══ DATA RECORDS
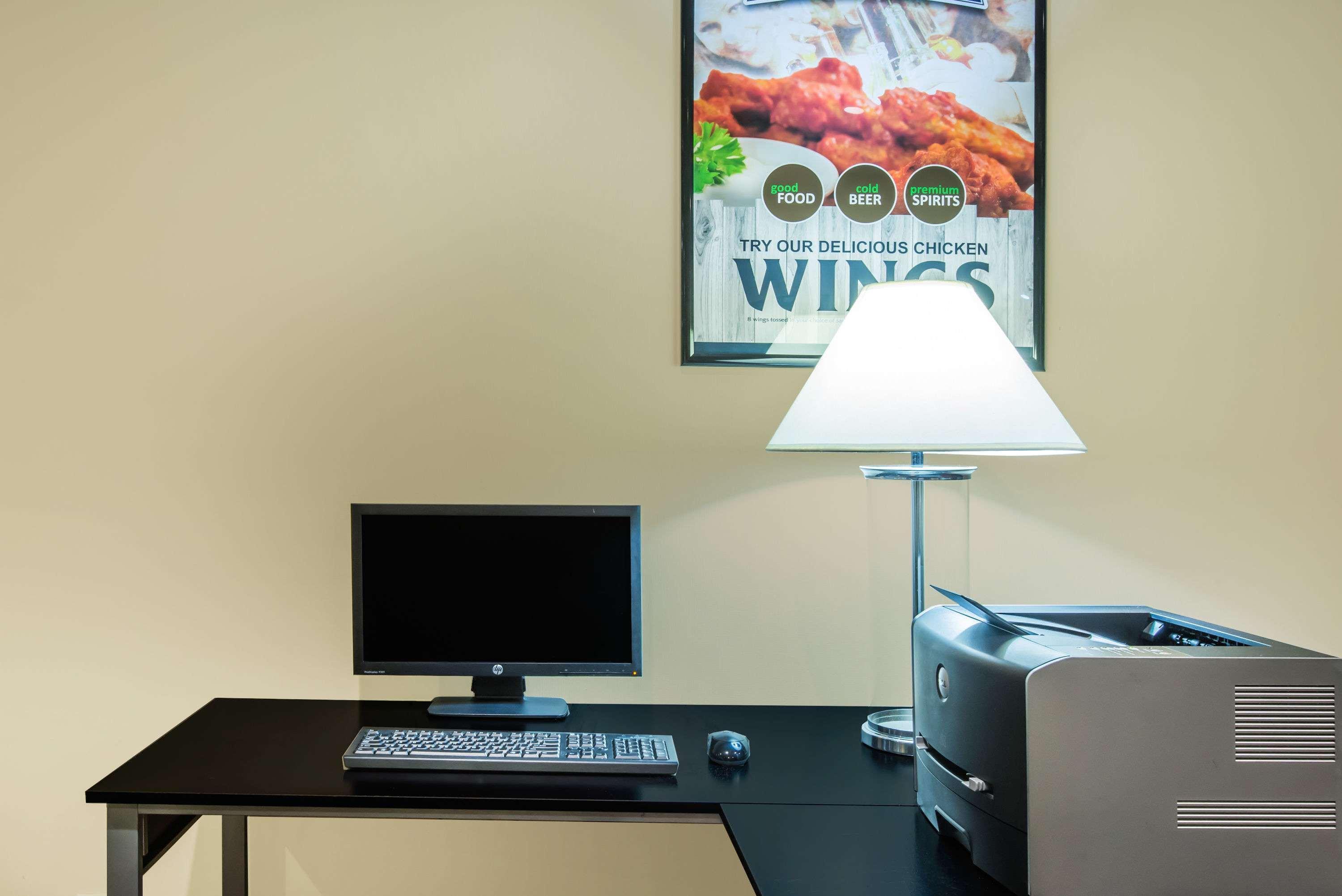 Centro de Negocios Wyndham Garden Pittsburgh Airport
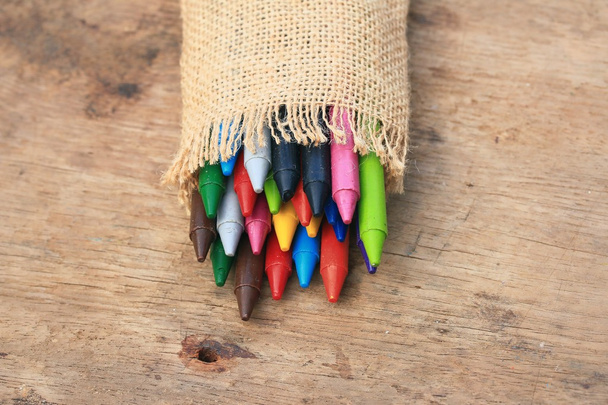  Crayons de cire sur bois vintage
 - Photo, image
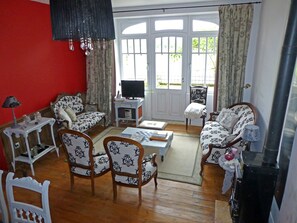 Music library, video library, stereo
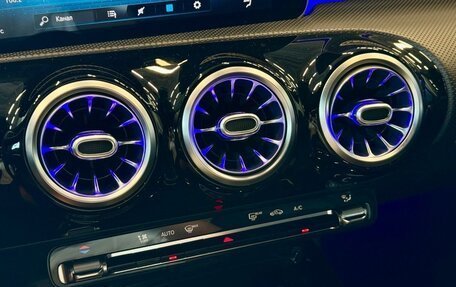 Mercedes-Benz CLA AMG, 2019 год, 3 695 000 рублей, 4 фотография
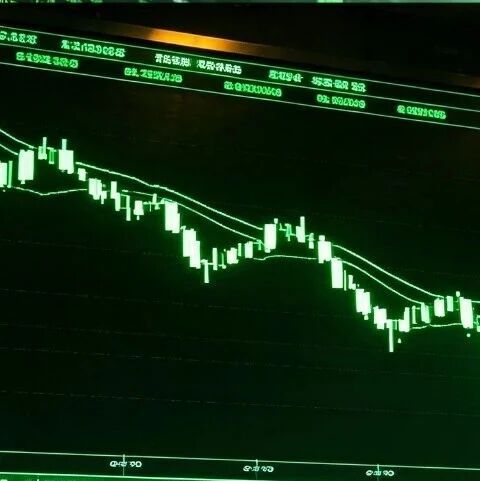 美股盘前，存储芯片、光通信、大型科技股，全线大跌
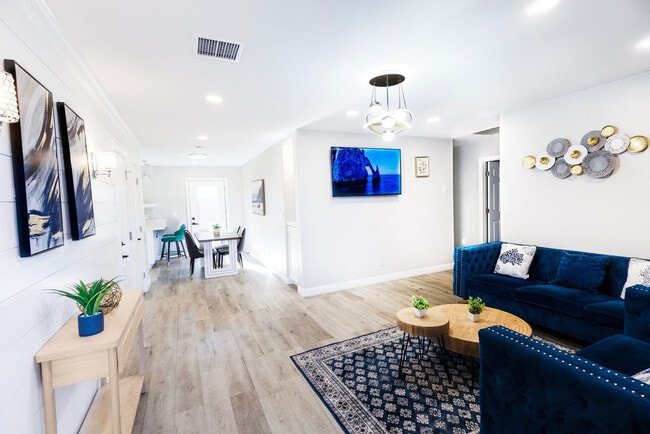 451 E Lincoln Ave in Escondido, CA - Building Photo - Building Photo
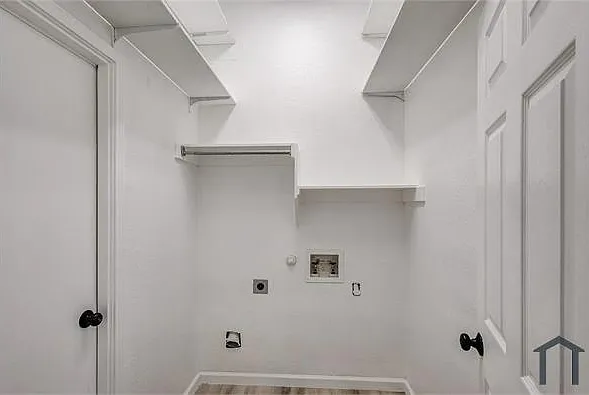 7017 Inglenook Dr — Photo 10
════
WORK INSTRUCTIONS –
Pictures stay out; the data above is to be returned exactly.

SOLUTION FOR THIS PROBLEM –
 Centro de Negocios Wyndham Garden Pittsburgh Airport
  Crayons de cire sur bois vintage
 - Photo, image
 Music library, video library, stereo
 Mercedes-Benz CLA AMG, 2019 год, 3 695 000 рублей, 4 фотография
 美股盘前，存储芯片、光通信、大型科技股，全线大跌
 451 E Lincoln Ave in Escondido, CA - Building Photo - Building Photo
 7017 Inglenook Dr — Photo 10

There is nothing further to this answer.